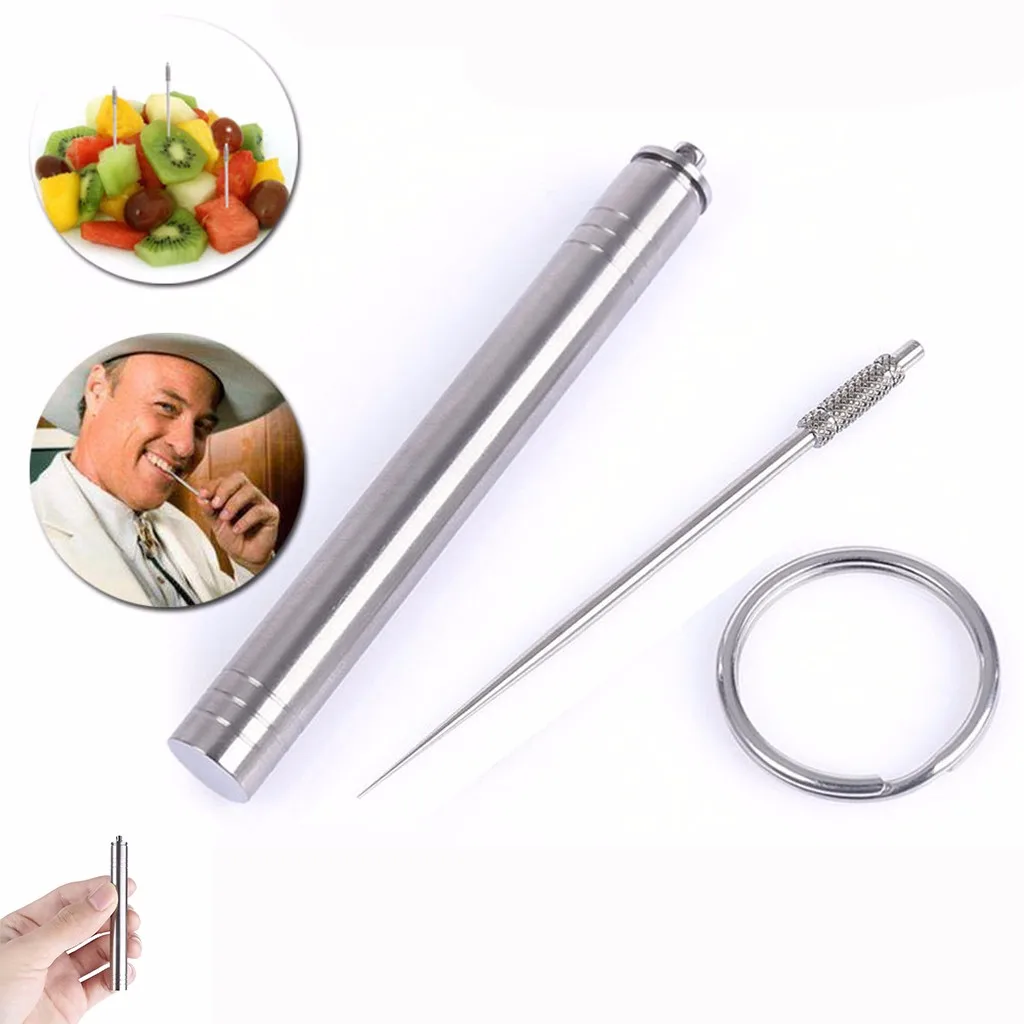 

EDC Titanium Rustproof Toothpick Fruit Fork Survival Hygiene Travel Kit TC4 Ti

__________________________________________________

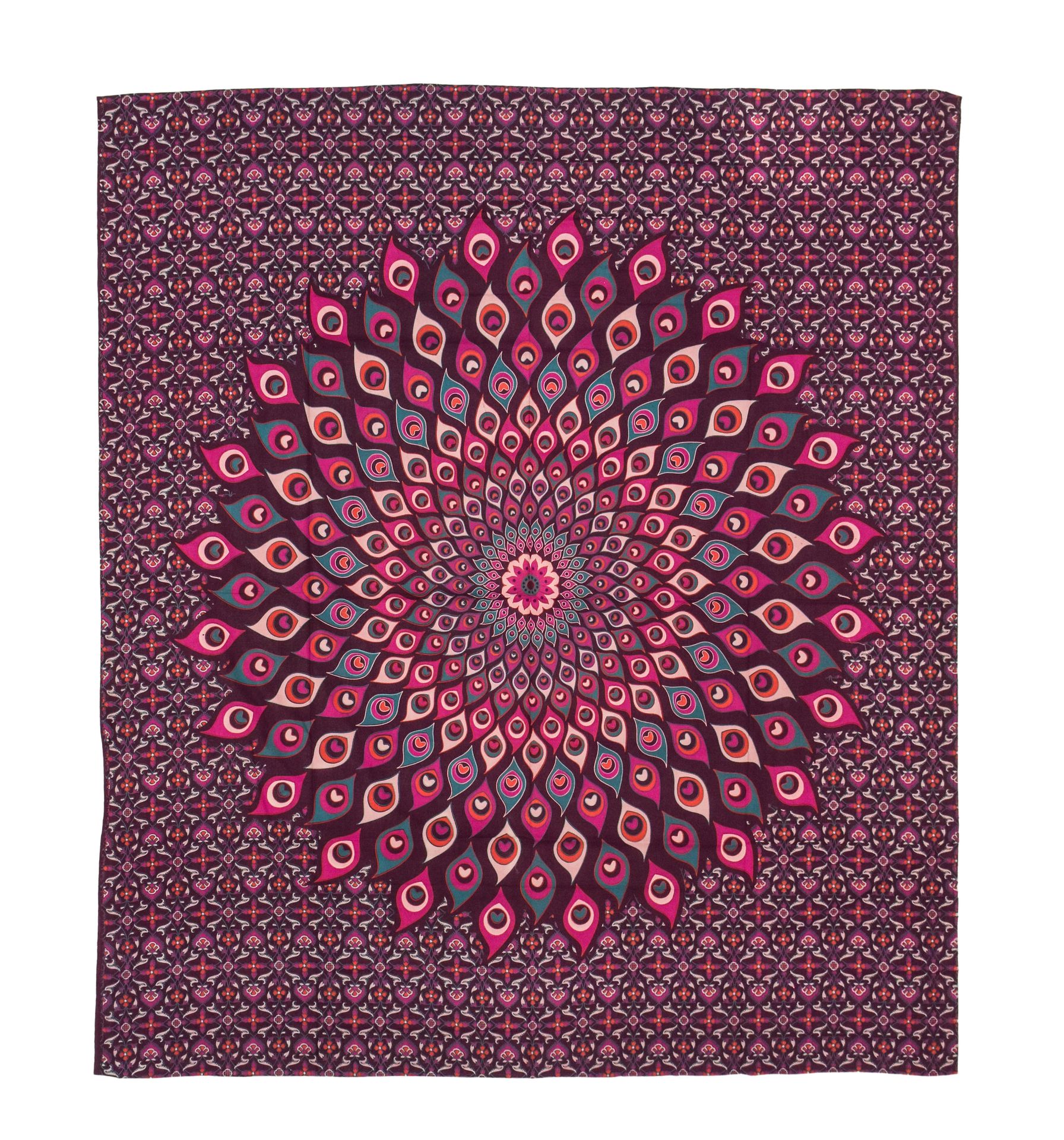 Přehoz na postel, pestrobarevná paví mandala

__________________________________________________

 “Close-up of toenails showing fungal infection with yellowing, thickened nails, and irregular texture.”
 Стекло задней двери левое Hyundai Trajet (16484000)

__________________________________________________

### Exercise requirements
Scan the entries above for the line containing "of toenails showing", and copy it and all lines after it exactly, down to and including the line containing "Стекло задней двери".

### Solved problem
 “Close-up of toenails showing fungal infection with yellowing, thickened nails, and irregular texture.”
 Стекло задней двери левое Hyundai Trajet (16484000)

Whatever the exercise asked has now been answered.